The same rule applies to the reader experience. If I have a story in which my pretty young female character lures criminal politicians (in her opinion) into sexual situations and then murders them during the act of copulation: She may be accustomed to this practice, her victims may be accustomed to having sex, but the reader needs to see at least one of these scenes to truly understand this young woman. I can't gloss over the details of what she is doing or how she kills them. But I don't need to show it every time, perhaps once near the front, and even if there are several such victims; perhaps once more for the one that got away or whose murder gets her identified or captured.
The same is true for violence. I would feel the need to show it, at least once, to drive home the horror for the characters and their feelings about it.
In describing sex, I recommend that even if you are describing details in an extended sex scene (not cutting away) the focus should remain less on physical action and more on character thoughts and emotions. Always skip repetitive actions (they are boring), and do not get "purple": Not every orgasm is the most powerful orgasm ever felt. I don't mean to be clinical, but to be realistic and if possible use as few superlatives as possible.

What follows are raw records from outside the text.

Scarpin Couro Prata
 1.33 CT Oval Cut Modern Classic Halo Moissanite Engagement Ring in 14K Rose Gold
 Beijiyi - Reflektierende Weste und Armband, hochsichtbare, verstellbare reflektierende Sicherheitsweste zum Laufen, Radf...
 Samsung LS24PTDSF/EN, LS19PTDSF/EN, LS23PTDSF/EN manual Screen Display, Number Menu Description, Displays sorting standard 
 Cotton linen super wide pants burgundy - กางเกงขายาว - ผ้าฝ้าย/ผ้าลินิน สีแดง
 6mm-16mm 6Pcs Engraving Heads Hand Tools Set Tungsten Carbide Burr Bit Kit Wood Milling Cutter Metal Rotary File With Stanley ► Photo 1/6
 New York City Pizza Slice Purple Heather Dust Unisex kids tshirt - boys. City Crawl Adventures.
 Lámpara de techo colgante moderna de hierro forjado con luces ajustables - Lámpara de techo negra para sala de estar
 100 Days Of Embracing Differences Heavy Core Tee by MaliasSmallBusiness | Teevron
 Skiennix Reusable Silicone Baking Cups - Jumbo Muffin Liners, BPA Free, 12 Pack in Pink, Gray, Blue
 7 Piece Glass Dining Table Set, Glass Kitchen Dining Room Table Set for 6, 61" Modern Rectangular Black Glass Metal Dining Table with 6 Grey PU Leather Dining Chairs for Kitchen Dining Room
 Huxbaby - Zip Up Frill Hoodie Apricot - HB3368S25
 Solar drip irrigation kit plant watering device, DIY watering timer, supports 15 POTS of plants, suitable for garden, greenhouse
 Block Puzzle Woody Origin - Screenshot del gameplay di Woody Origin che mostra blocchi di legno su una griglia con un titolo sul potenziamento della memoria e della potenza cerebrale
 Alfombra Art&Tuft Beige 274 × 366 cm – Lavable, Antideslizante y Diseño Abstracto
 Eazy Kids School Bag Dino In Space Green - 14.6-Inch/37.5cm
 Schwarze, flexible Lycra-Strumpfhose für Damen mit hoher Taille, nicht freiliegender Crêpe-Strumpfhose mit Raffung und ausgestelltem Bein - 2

The same thing goes for violence. Guide the imagination, don't force it. Don't forget the reality of pain; there is a limit to what people can feel before shock shuts it off; and often what looks horrific to us looking at a victim is not being processed by the victim. I was in a car wreck, as a passenger with an idiot driver as a teen (Hi Tim) and he broke both his knees; due to shock he did not even realize this until he found he couldn't stand or walk. A friend of mine, from a different car wreck, was sitting in the front passenger seat when a car T-boned them on that side. She had her right femur broken in two places. she was wearing shorts, and the shattered bone was sticking out of her bleeding flesh. She said she saw that after the wreck and passed out. She remembers the image, but does not remember feeling any pain. Likewise, people have been gunshot or knifed in a fight and not realized it until later.
Sometimes well chosen details are enough to guide the imagination without any horror adjectives. I'd keep them sparse, this is like a partnership with your reader. My approach is to provide matter-of-fact narration about what is happening and what my characters are feeling (without superlatives), and I leave some of the emotion to readers by putting them in the situation and trusting them to empathize with the character being tortured.
It is only gore porn if there is no real story or plot. It is not a real plot, in pornography, that the pizza guy comes and a beautiful girl wants him to bone her. Maybe that happens but it isn't a story. A story needs a hero (or group) with some arc of a problem introduced, pursued, and they conquer it or it conquers them. Make sure you have a real story, characters that struggle with a problem and evolve and change in some way, and in the end come to some resolution.
For what it's worth, because this is a pretty subjective topic, I think the less you show your audience in horror the more terrifying it becomes. You have to set a scene certainly but the more you get people to project their own fears into situations the more people you will scare and the better the fright will be.
Look at how little H.P. Lovecraft actually says about the form of his many terrors, he leaves the reader to fill in a lot of the details and they're all the more horrible for it. So set the scene and let people scare themselves.
From a pure publishing perspective, super explicit depictions will turn a lot of publishers off, nevermind readers.
I have a pretty high tolerance, and usually what I ask is how neccesarry a scene like that really is for the plot and contexr. If its not, I usually lose respect for the author.
Lighter is better. And if you're going there, do so sparingly and for good reason.